Documents
user_agent_device_data_enrichment
user_agent_device_data_enrichment
Type
External
Status
Published
Created
Mar 3, 2026
Updated
Mar 3, 2026
Source
View

Data enrichment part one: User-agent device data enrichment#

Data enrichment enhances raw data with valuable information from multiple sources, increasing its analytical and decision-making value.

This part covers enriching sample data with device price. Understanding the price segment of the device that the user used to access your service can be helpful in personalized marketing, customer segmentation, and more.

This documentation will discuss how to enrich user device information with the average market price.

Setup guide#

We use SerpAPI to retrieve device prices using Google Shopping, but alternative services or APIs are viable.

Creating a data enrichment pipeline#

You can either follow the example in the linked Colab notebook or follow this documentation to create the user-agent device data enrichment pipeline.

A. Colab notebook#

The Colab notebook combines three data enrichment processes for a sample dataset, starting with "Data enrichment part one: User-agent device data".

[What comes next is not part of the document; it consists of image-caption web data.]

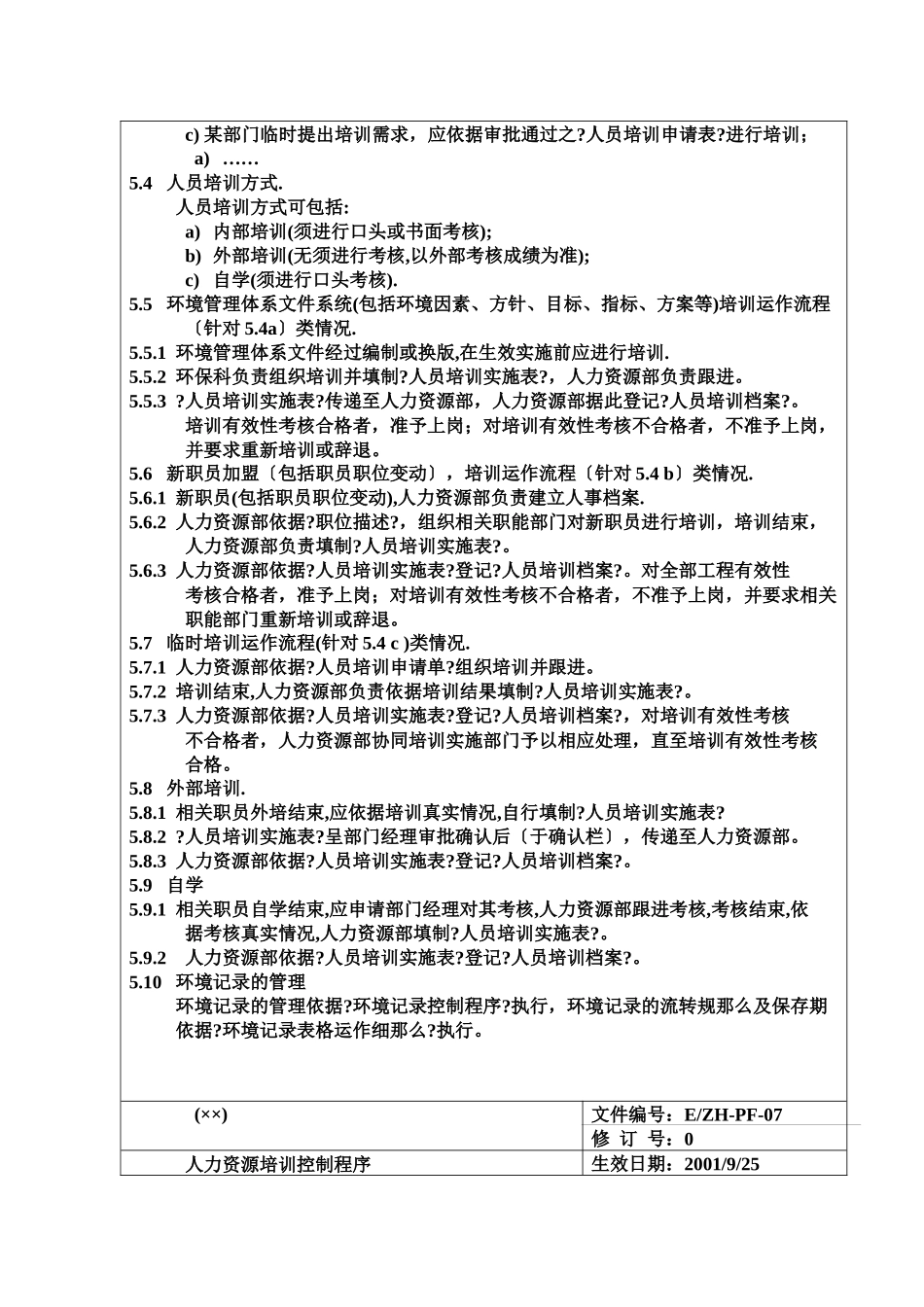 人力资源培训控制程序_第3页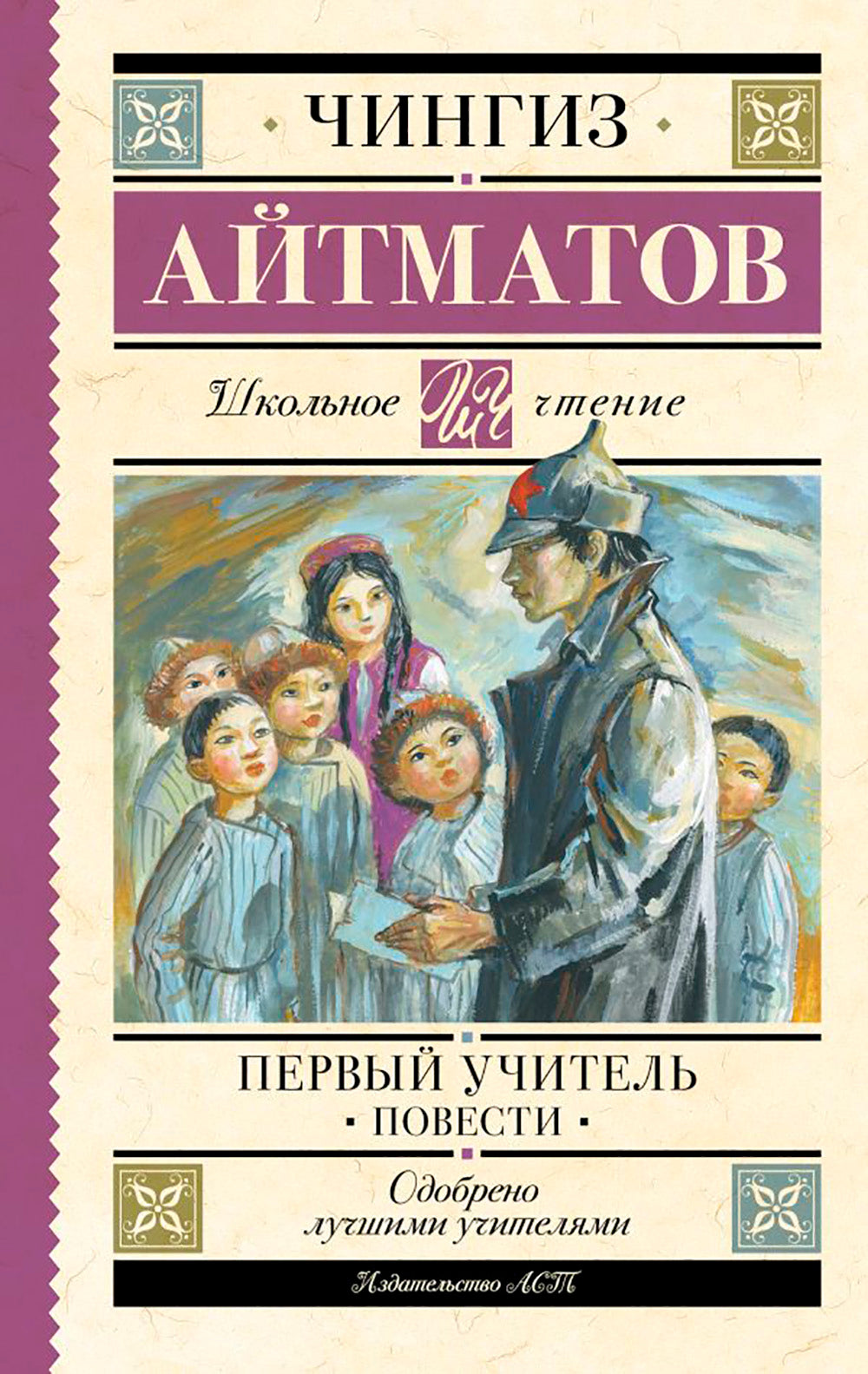 Первый учитель: повести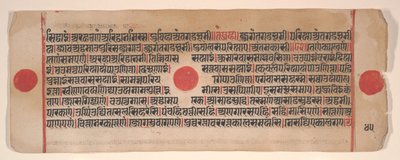 Blad fra en Kalpa Sutra Jain Book of Rituals, 1400-tallet. af Bhadrabahu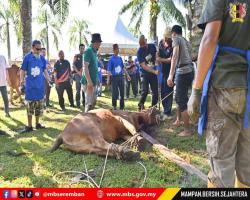 MAJLIS PELANCARAN INISIATIF KAMPUNG ANGKAT MADANI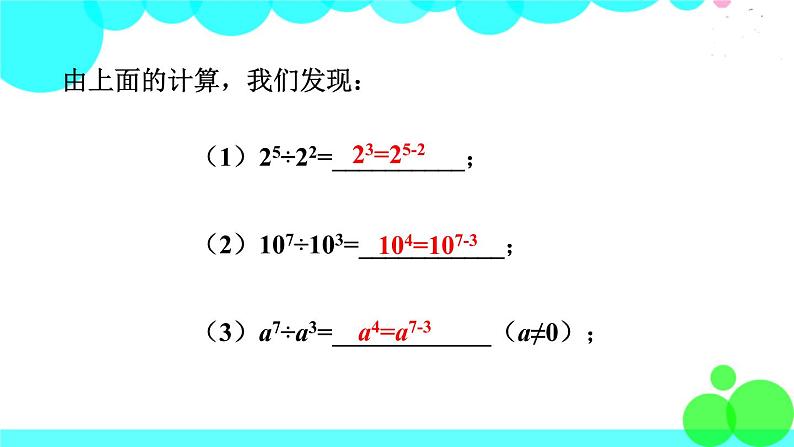 华师8数上册 第12章 整式的乘除 12.1 幂的运算 PPT上课课件05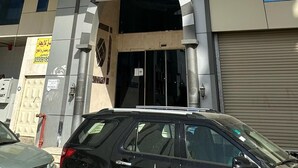 Front of property - Abd ElQader Naseer Endowment Hotel (Makkah)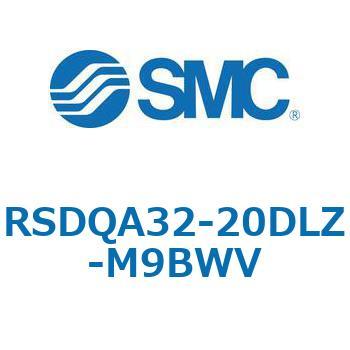 ストッパシリンダ/取付高さ固定形 RSQ-Zシリーズ RSDQA32 SMC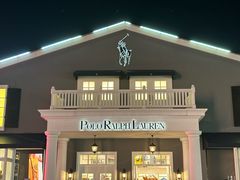 -Polo Ralph Lauren(青浦百联奥特莱斯广场店)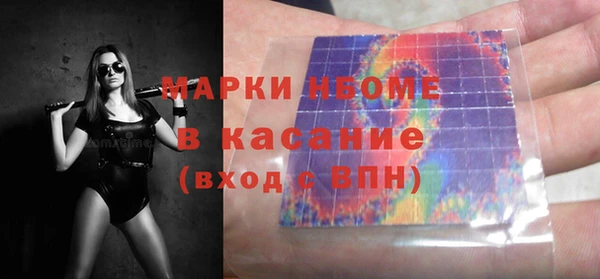 синтетический гашиш Вязники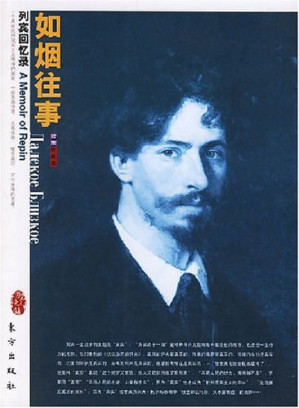[PDF] 如烟往事: 列宾回忆录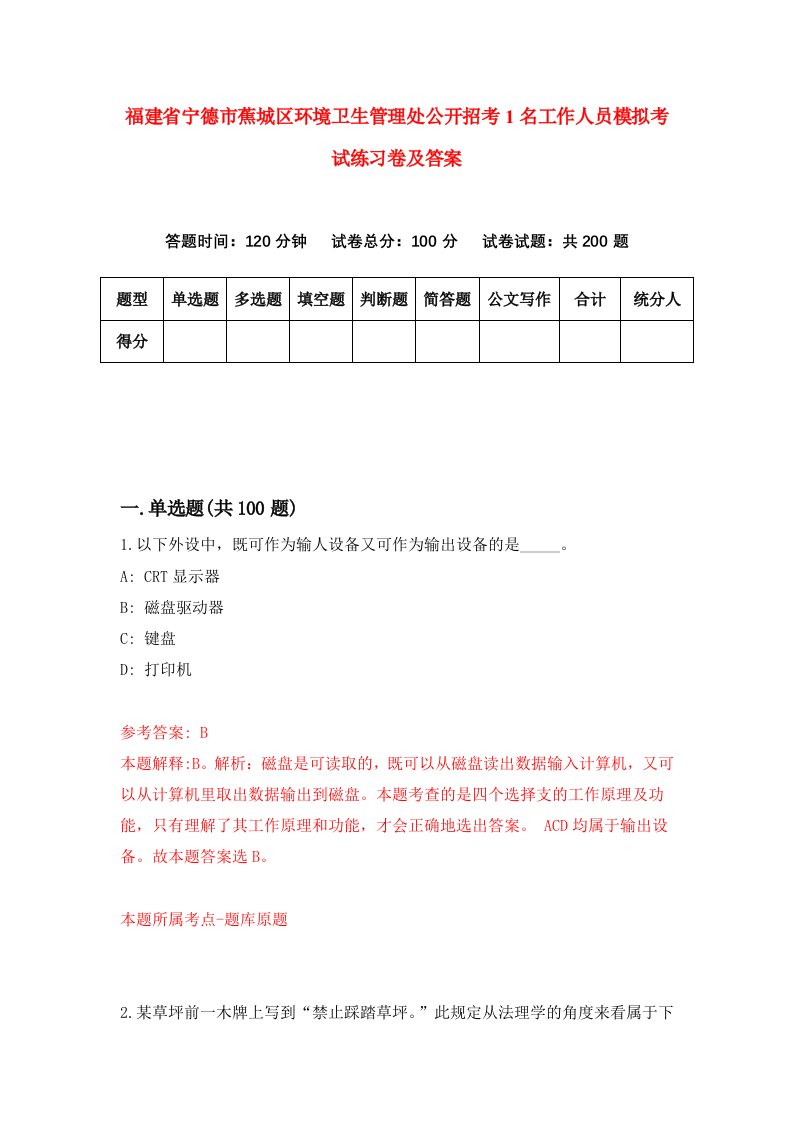 福建省宁德市蕉城区环境卫生管理处公开招考1名工作人员模拟考试练习卷及答案第6卷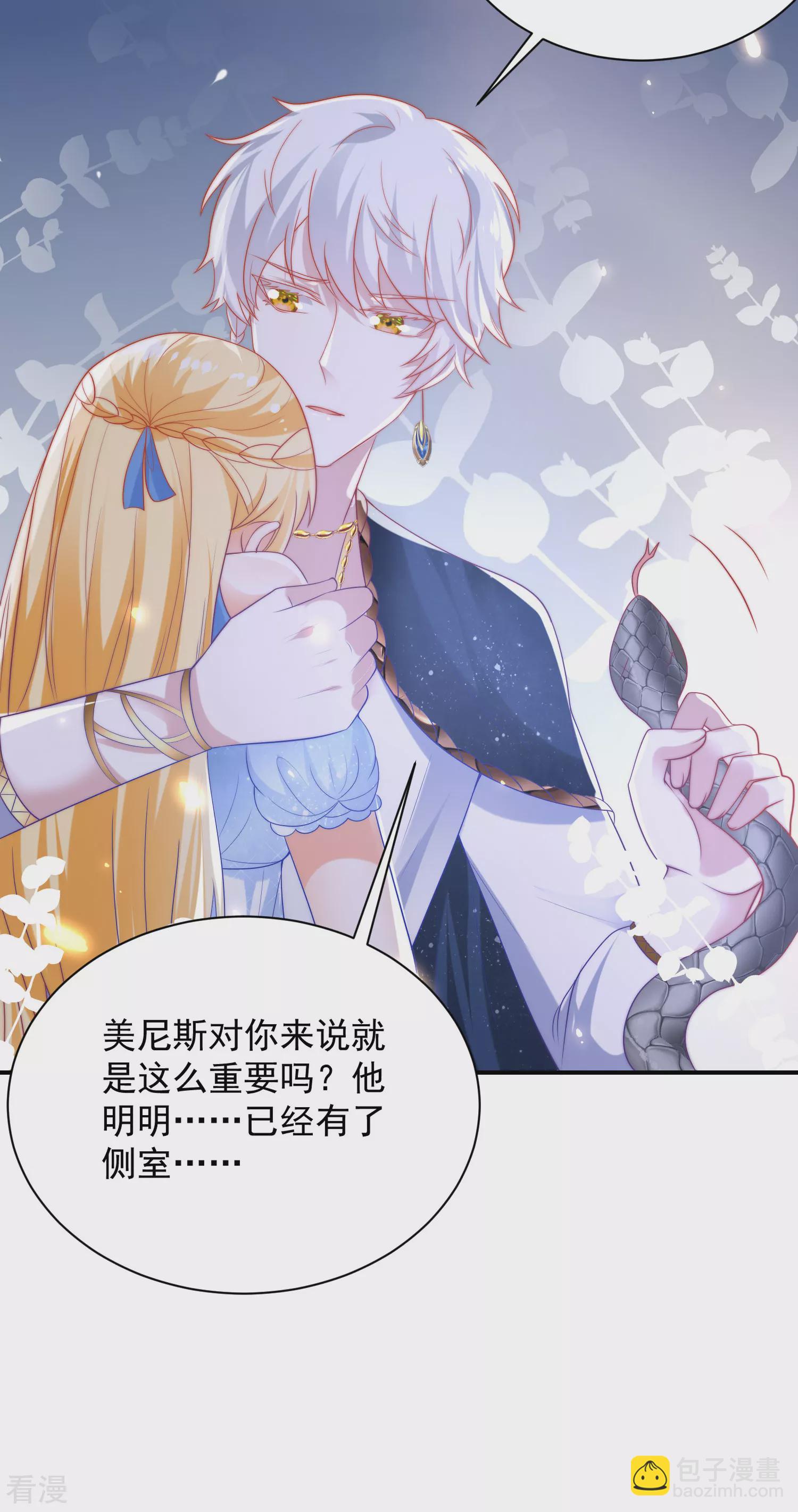 王的第一寵後 - 第74話 爲了你我什麼都可以！ - 2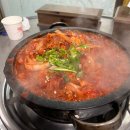 묵은지 삼겹살&매운갈비찜 | 강릉 중앙시장 근처 맛집 현지인 추천 매운갈비찜 빨간삼겹살 내돈내산 후기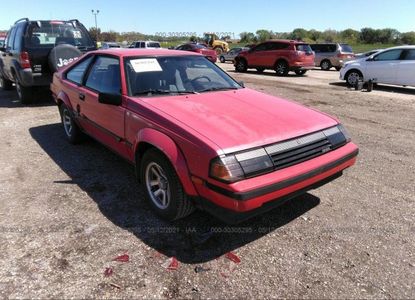 Fahrzeugbericht für VIN JT2RA65L4F0012485 – Bild 1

Here's the link to the notebook:
Colab Notebook.

B. Create a pipeline#

Alternatively, to create a data enrichment pipeline, you can start by creating the following directory structure:

user_device_enrichment/
├── .dlt/
│ └── secrets.toml
└── device_enrichment_pipeline.py

1. Creating resource#

dlt works on the principle of sources and resources.

This data resource yields data typical of what many web analytics and tracking tools can collect. However, the specifics of what data is collected and how it's used can vary significantly among different tracking services.

Let's examine a synthetic dataset created for this article. It includes:

user_id: Web trackers typically assign a unique ID to users for tracking their journeys and interactions over time.

device_name: User device information helps in understanding the user base's device preferences.

page_refer: The referer URL is tracked to analyze traffic sources and user navigation behavior.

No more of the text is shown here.